Para Delfim, o avanço do Produto Interno Bruto (PIB) no primeiro trimestre foi ruim, mas bastante esperado. “As indicações eram que as coisas estavam caminhando de uma maneira muito desconfortável durante todo esse tempo”. Delfim, que tem afirmado que a relação de desconfiança entre setor privado e governo limitou a expansão da atividade doméstica nos últimos trimestres, disse que há um problema quase “ecológico” no Brasil atualmente.
“Formou-se um clima de hostilidade, um ambiente de negócios que o governo se esforça em negar, mas que existe e que influiu de forma importante para a redução nos investimentos e agora impacta também o consumo”. Entre janeiro e março, o consumo das famílias recuou 0,1%, primeira queda em bases trimestrais desde o terceiro trimestre de 2011, quando a economia dava sinais mais evidentes de desaceleração.
Para Delfim, a perda de força da demanda é resultado da política monetária colocada em prática pelo governo desde abril do ano passado e que elevou a taxa básica de juros da economia de 7,25% ao ano para 11% ao ano. Embora alguns economistas argumentem que a política monetáriaparece ter perdido eficácia nos últimos anos, para Delfim a alta de juros está funcionando “por seus canais naturais”. Houve importante redução do nível da atividade nos últimos meses, o ritmo do crescimento do crédito também desacelerou e a taxa de câmbio, que encostou em R$ 2,45, registrou alguma valorização e agora tem se mantida mais próxima de R$ 2,20. “São resultados típicos dos efeitos da política monetária feita para combater a inflação e não deveriam causar surpresa”, diz.

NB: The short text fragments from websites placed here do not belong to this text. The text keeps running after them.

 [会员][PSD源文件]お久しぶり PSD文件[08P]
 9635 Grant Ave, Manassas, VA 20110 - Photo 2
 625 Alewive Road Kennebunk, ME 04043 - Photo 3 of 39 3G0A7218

O que causa estranheza, no entanto, é a resistência da inflação, que segundo o ex-ministro da Fazenda é uma questão mais complicada. “Para a inflação cair era preciso reduzir as expectativas”. No entanto, o controle de alguns preços administrados, como de tarifas de energia elétrica e de combustíveis, por exemplo, resultam em expectativas de inflação mais elevadas, e não mais baixas, apesar da alta de juros. De acordo com o Boletim Focus do Banco CENTRAL, as expectativas para a inflação doze meses à frente está em 6,01%, mais alta do que a estimativa de 5,93% há quatro semanas. “Isso torna muito difícil o combate à inflação e muito custoso o processo”.

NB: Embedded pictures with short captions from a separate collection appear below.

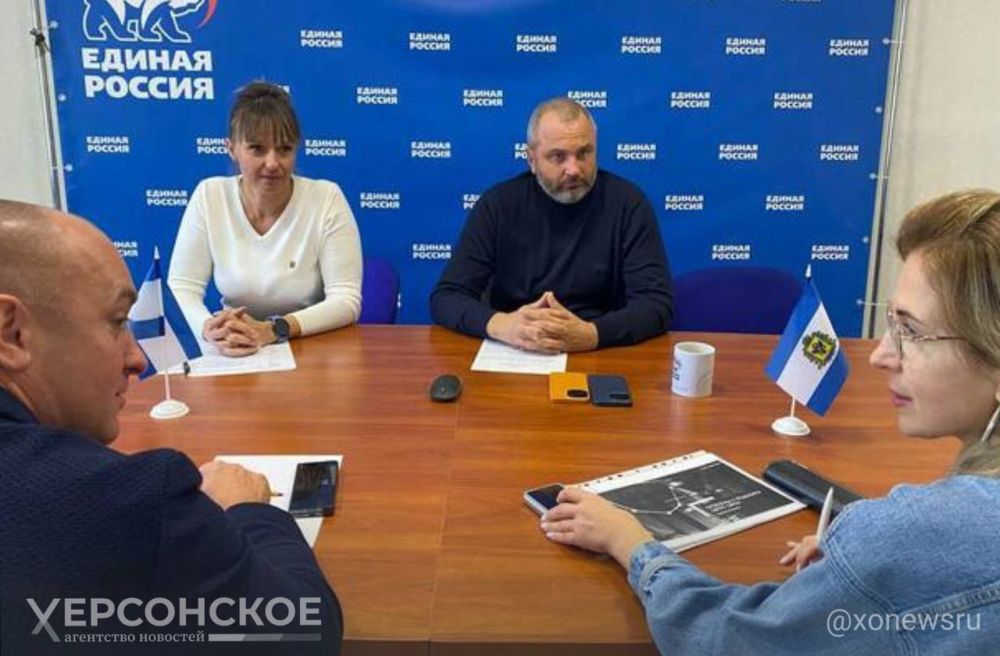 ������� ��������� ���� �� �������� �������� ������ ������ ����� ���������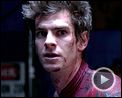 The Amazing Spider-Man Bande-annonce (3) VO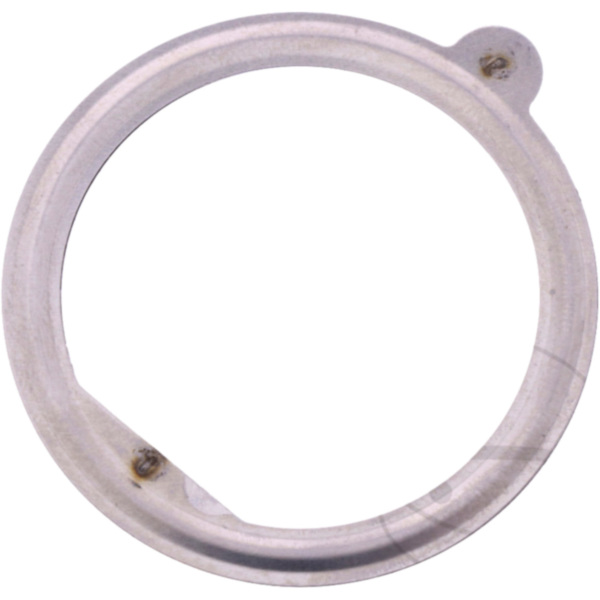 Krümmerdichtung Originalersatzteil 38X47.5X1MM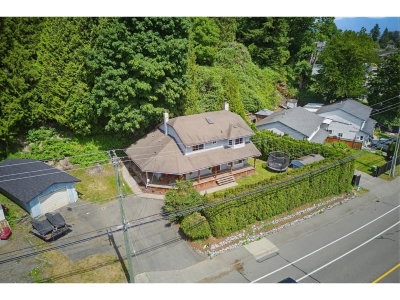 34753 DELAIR Road | Abbotsford British Columbia | Slide Image Seven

Para Delfim, outro resultado da desconfiança entre setor privado e governo é que o investimento não avança, mesmo com as concessões de projetos de infraestrutura para o setor privado. “É preciso haver um entendimento entre os dois setores, para que a ecologia do sistema, o ambiente se modifique”, comenta o ex-ministro. Há ainda a questão da escassez de poupança, que na avaliação de Delfim tem sido puxada principalmente pelo setor privado, “o que é um problema extremamente grave”.